Initially, commerce in space would be relatively uncomplicated, as terrestrial companies would want Earth-bound profits for their space activities, so determining a tax rate structure for these overarching cislunar services would be somewhat straightforward. However, as previously noted, most of the early products derived in space will be used in space, and some of these may be bartered, so there may be many approaches to ensuring a fair compensation for services is determined.
However, as more advanced forms of propulsion are developed, returning high-value objects and minerals from space to Earth would be an issue. This could take the form of a reverse Civil Reserve Air Fleet. It would work for two reasons: because the US Space Force would be a trusted agent, and because the Space Force would (unlike military ships and aircraft) be able to be built with extra mass and volume allocations. Here, also, the US Space Force would become essential to ensure that harmful weapons or substances do not enter the Earth’s biosphere uninspected, a form of extraterrestrial customs. Hence the Space Force would have an inward-looking mission, in the form of protection against ballistic missiles, returning payloads, and orbital debris; and an outward-looking mission, in terms of protection of space assets, exclusion zones, mineral claims, and space lanes of communication.
Eventually, just as the fort structure expanded westward, the Space Force’s sphere of influence would, of necessity, expand as well. The US Space Force should thus concentrate on always being at the leading edge of research in like propulsion, power and communications, including spending some portion of its budget on extremely advanced concepts.
Will the Air Force’s original version of the Manned Orbiting Laboratory become a reality for a similar, albeit vastly broader, charter? Will the systems in space be human or robotic? Clearly the concept of remote mining operations via telepresence, where the round-trip communications time is many minutes or hours, is unworkable. Is it likely, then, that systems will be primarily robotic, incorporation artificial intelligence, or there will be human outposts in areas where work is being accomplished? If different nations or companies are involved, some form of claims rights will need to be established, investigated, and adjudicated. The US Space Force could well be the organization for this.

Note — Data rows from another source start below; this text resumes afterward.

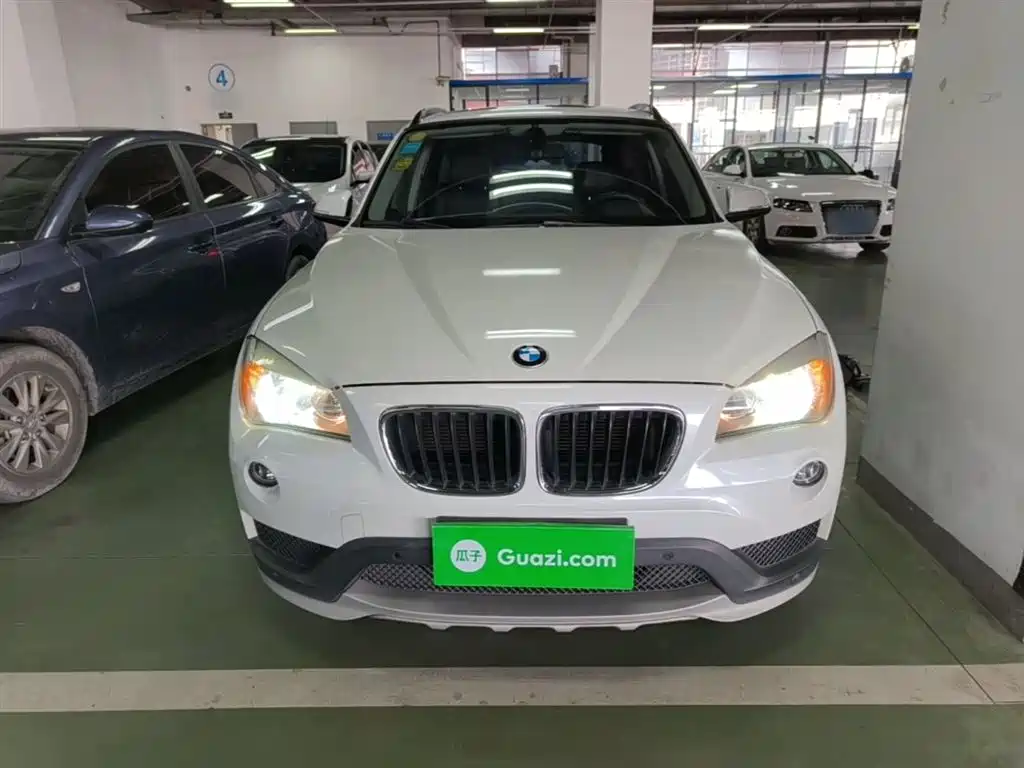 BMW X1 2015 Model sDrive18i Fashion Advanced Edition фото 3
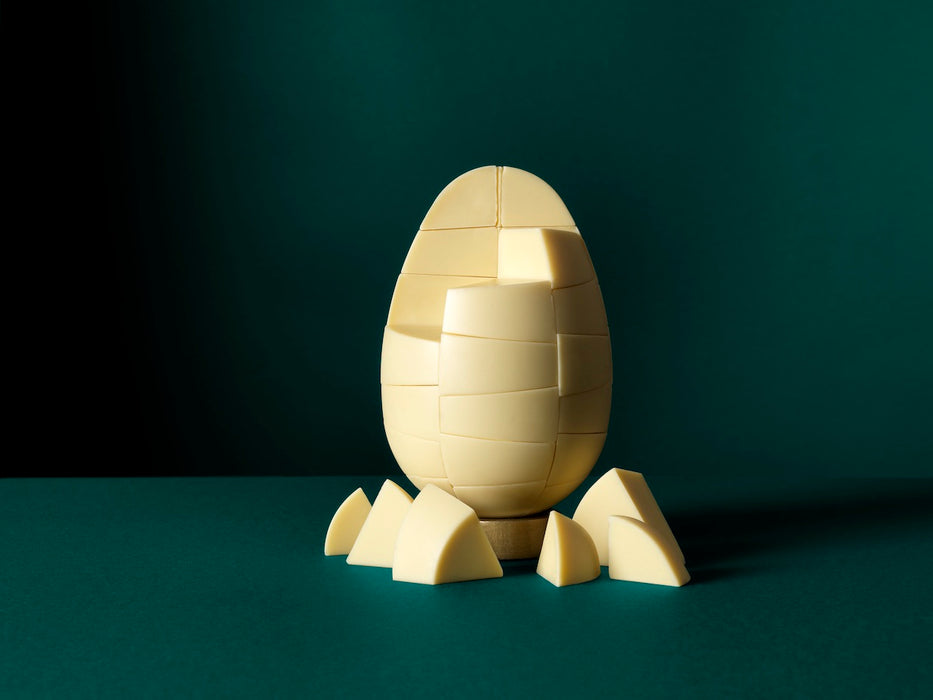 Solid White Belgian Chocolate Egg (750g)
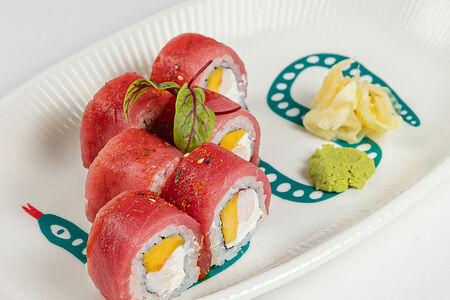 Ролл Тунец, креветка, манго, сливочный сыр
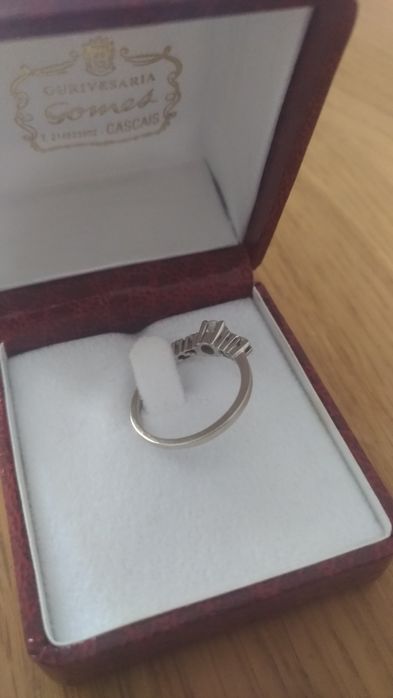 Anel de diamantes e ouro branco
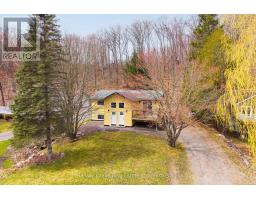 25 FERNDALE ROAD, Muskoka Lakes, Ontario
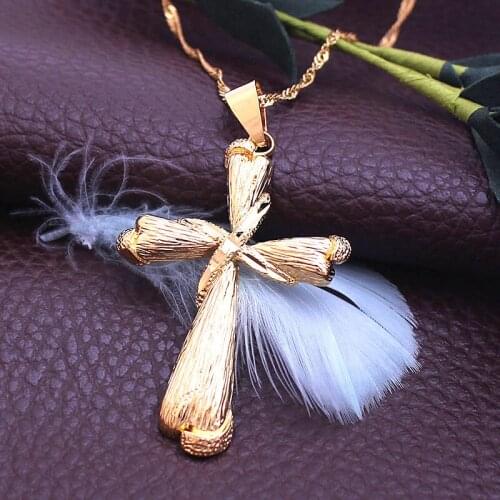 New original design religious cross pendant jewelry fashion Copper plated gold cross jewelry to send friends gifts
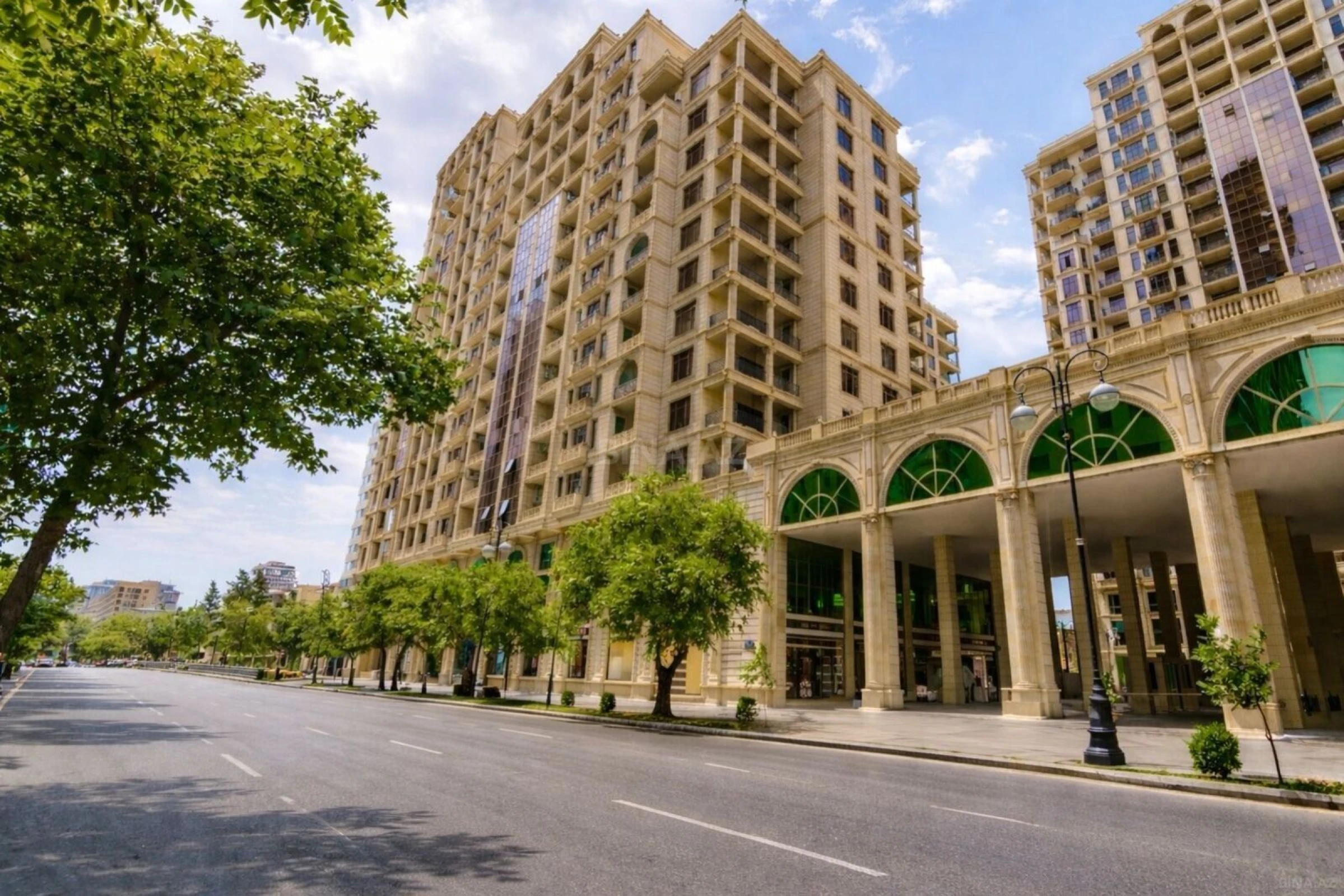 Satılır 4 otaqlı mənzil 210 m²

The US has an opportunity to truly exploit the high ground of space by creating a revolutionary new military branch, the US Space Force. In order for this branch to be successful, it must have the flexibility to conduct business in a fundamentally out-of-the-box fashion when compared to how the DOD typically conducts business. The initial forays of the U.S. Space Force will likely start in LEO for Earth protection, debris removal, rights of passage, and supporting propellant depots. As the commercial and exploration sphere expands, the Space Force sphere of include will expand into cislunar space, followed by interplanetary space. The mission set will expand to meet the available envelope, which is considerable. This is a concept whose time has come. We should initiate this new military branch now.